With the stirring conclusion to chapter 15, Paul had completed the primary task of the letter. He had addressed a litany of serious spiritual issues in the Corinthian church, concluding with the message of triumph and hope, the resurrection. In chapter 16 he addressed some miscellaneous practical matters, and closed the letter.

First, he gave instructions about how to collect the offering for the church in Jerusalem. They were to take up the collection on the first day of each week, so that no collection would need to be taken when he arrived. Paul requested cautious arrangements to avoid any appearance of impropriety with the money when it would be delivered to Jerusalem.

Paul wanted to come to Corinth — obviously he saw the need for outside leadership help — but had conflicting needs in Ephesus that prevented him from coming immediately.

1Co 16:5-9 After I go through Macedonia, I will come to you–for I will be going through Macedonia. Perhaps I will stay with you awhile, or even spend the winter, so that you can help me on my journey, wherever I go. I do not want to see you now and make only a passing visit; I hope to spend some time with you, if the Lord permits. But I will stay on at Ephesus until Pentecost, because a great door for effective work has opened to me, and there are many who oppose me.

One can only imagine the difficulty in deciding to delay a visit to Corinth. The church there certainly needed help from a strong leadership. Since he could not come himself, Paul intended to send Timothy to them (1 Cor 4:17). The situation in Corinth would have been challenging for a seasoned veteran, but Timothy was a young man. Paul admonished the church to receive Timothy with respect and to treat him well.

Paul had wanted to send Apollos but he was unwilling to go at the time.
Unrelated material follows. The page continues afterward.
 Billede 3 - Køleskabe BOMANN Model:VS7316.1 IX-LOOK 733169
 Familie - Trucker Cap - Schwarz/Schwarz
Many commentators believe Apollos may have been reluctant to go because of the factions that had formed, one of which was aligning behind him. Perhaps he did not want to run the risk of feeding that unhealthy situation. Or perhaps some situation where Apollos was currently serving required that he not leave immediately. Paul assured the Corinthian church that Apollos would come when he had opportunity.

1Co 16:13-14 Be on your guard; stand firm in the faith; be men of courage; be strong. Do everything in love.

Those five traits were characteristics of Jesus, and his followers are called to exhibit those same traits. Especially pertinent to the Corinthians was the instruction to do it all in love.

Paul urged the church to submit and support its leaders.

1Co 16:15-16 You know that the household of Stephanas were the first converts in Achaia, and they have devoted themselves to the service of the saints. I urge you, brothers, to submit to such as these and to everyone who joins in the work, and labors at it.

It seems that wherever Aquila and Priscilla went, they hosted a church in their house (Rom 16:5, 1 Cor 16:19).

1Co 16:19 The churches in the province of Asia send you greetings. Aquila and Priscilla greet you warmly in the Lord, and so does the church that meets at their house.

Paul sent his love and greetings, along with that of the others with him. It is remarkable, given the depth of issues he had addressed in this letter, the warmth of his greetings in the end. He did not hesitate to call them the church of God in the opening of the letter. And he did not withhold his affection at the end of the letter. With all their failures, these Corinthians were Paul’s dear brothers and sisters. That would become all the more emphatic in the next letter.

The issues Paul addressed in this letter would apparently, for the most part, be addressed to Paul’s satisfaction (2 Cor 7:6-9). But Paul would soon have to write them another difficult letter, and would have to visit them a third time (2 Cor 13:1).

We can take comfort in the devotion of Paul to this trouble-filled church. God does not give up on his children, and neither should we. In chapter after chapter, Paul called the Corinthian church back to the gospel. Because of the gospel, they should live a certain kind of life. That is also the take-home message from the letter for us today.